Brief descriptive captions
%%

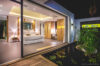 The interior of a contemporary bedroom with a large circular bed. The room has a glass wall that separates it from a tranquil, black-bottom pond. Beyond the pond, a wooden deck with white furniture and a view of the ocean is visible.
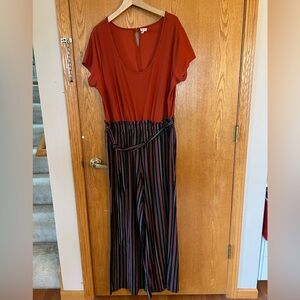 Orange and black short sleeved pants romper size 2x.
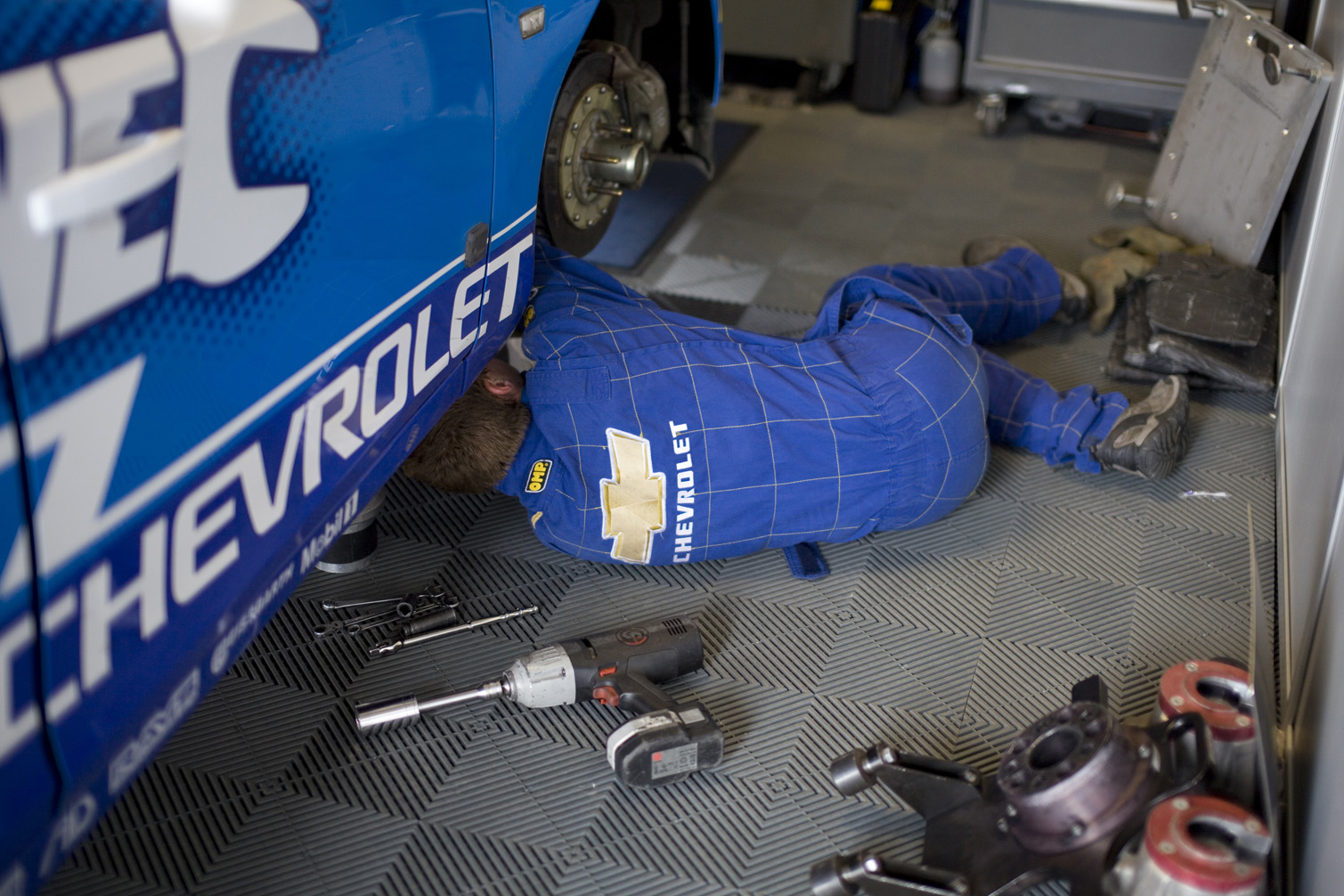A Chevrolet mechanic works on Jason's car.
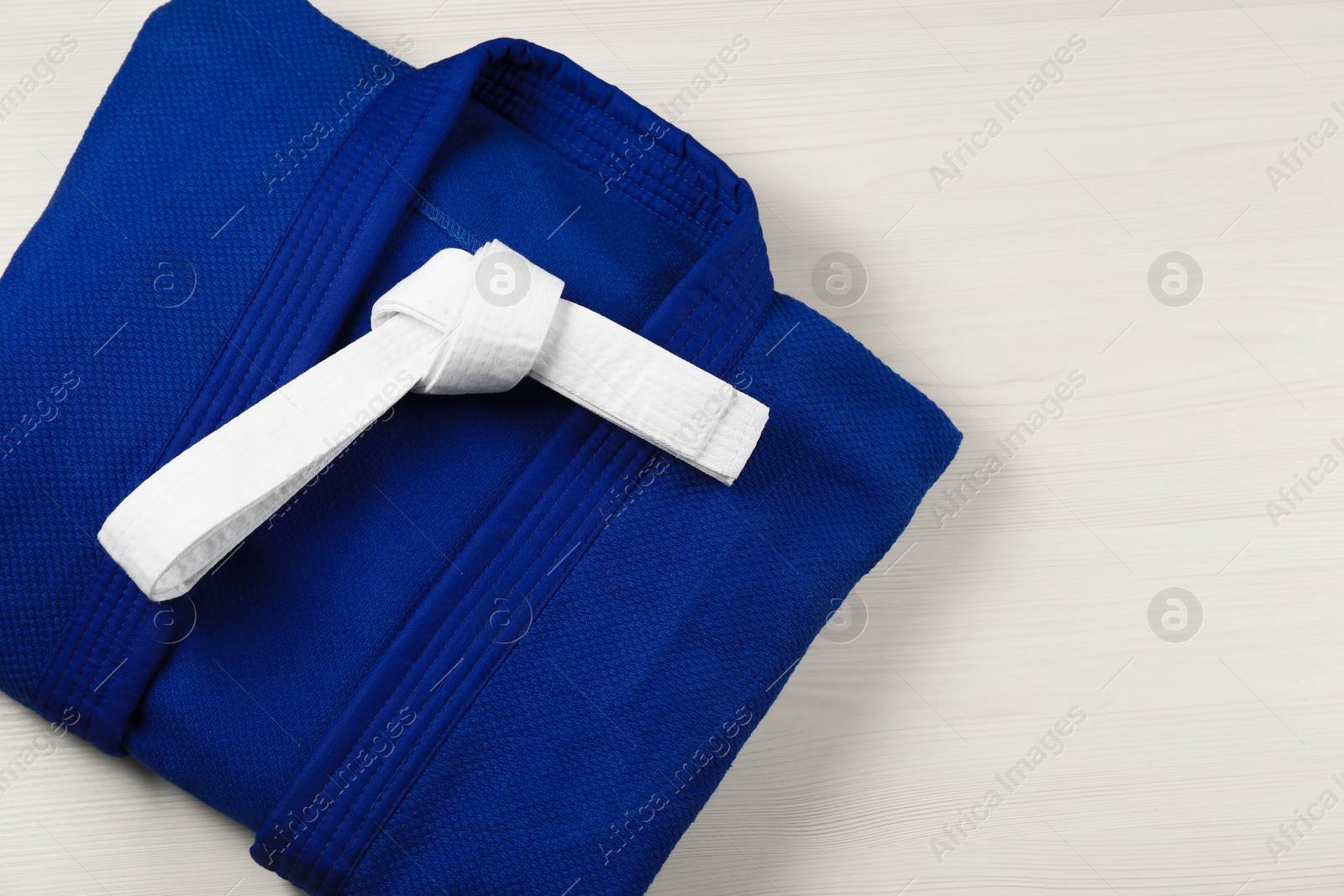 Photo of White karate belt and blue kimono on wooden background, top view. Space for text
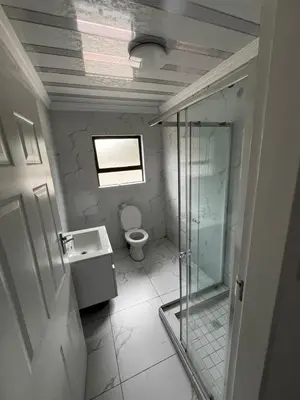 a bathroom with a glass shower and a toilet at Sunset Rest Guesthouse in Secunda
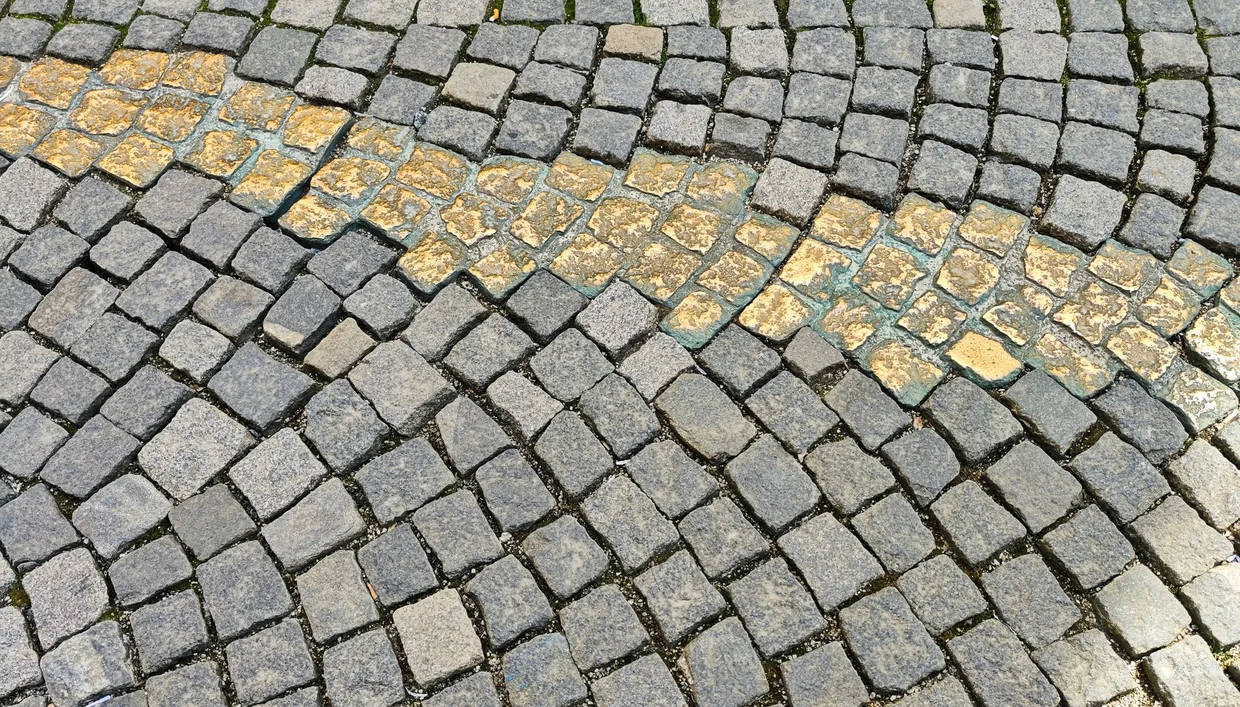 Golden cobblestones marking the Drückebergergasserl, the shirker's alley behind the Theatinerkirche
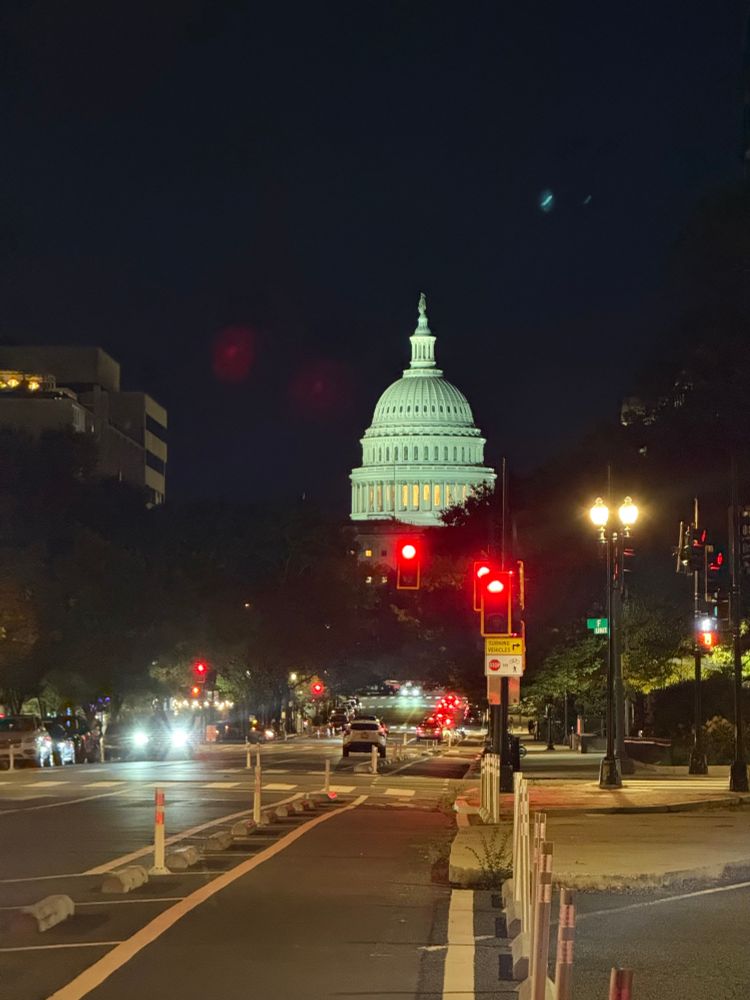 US Capitol dome stands out against a dark night sky. An annoying collection of red stoplights shine below, perhaps indicative of the general state of things up the Hill.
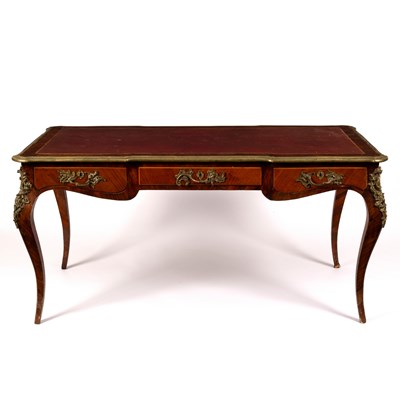 Lot 758 - A Louis XVI style bureau plat with gilt metal...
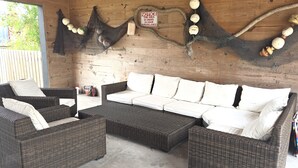 A wicker sofa set with white cushions, a wooden wall, and a notice sign. - Capn's Corner--1 BR, 1 Bath, Garage, Close to Beach, Dogs OK! (Port Aransas)
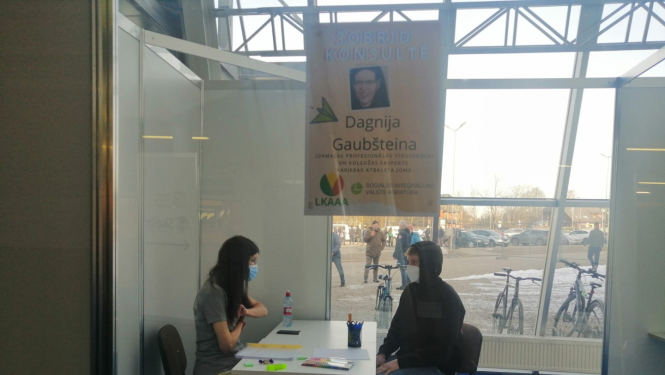 Pie balta galda sēž SIVA karjeras konsultante un skolēns. SIVA darbiniece sarunājas ar skolnieku.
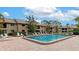 Community pool with lounge chairs and a surrounding patio at 370 Three Lakes Ln # F, Venice, FL 34285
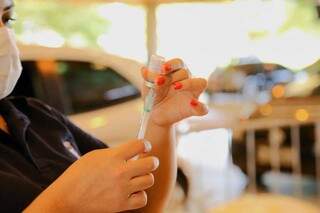 Técnica de enfermagem colhe dose de vacina para aplicação. (Foto: Kísie Ainoã)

%%

EXERCISE PROMPT:
Transcribe, from the records above, the first line and every line after it up to and including the line with "A wicker sofa"; omit pictures.

RESPONSE AREA:
 The interior of a contemporary bedroom with a large circular bed. The room has a glass wall that separates it from a tranquil, black-bottom pond. Beyond the pond, a wooden deck with white furniture and a view of the ocean is visible.
 Orange and black short sleeved pants romper size 2x.
A Chevrolet mechanic works on Jason's car.
 Photo of White karate belt and blue kimono on wooden background, top view. Space for text
 a bathroom with a glass shower and a toilet at Sunset Rest Guesthouse in Secunda
 Golden cobblestones marking the Drückebergergasserl, the shirker's alley behind the Theatinerkirche
 US Capitol dome stands out against a dark night sky. An annoying collection of red stoplights shine below, perhaps indicative of the general state of things up the Hill.
 Lot 758 - A Louis XVI style bureau plat with gilt metal...
 A wicker sofa set with white cushions, a wooden wall, and a notice sign. - Capn's Corner--1 BR, 1 Bath, Garage, Close to Beach, Dogs OK! (Port Aransas)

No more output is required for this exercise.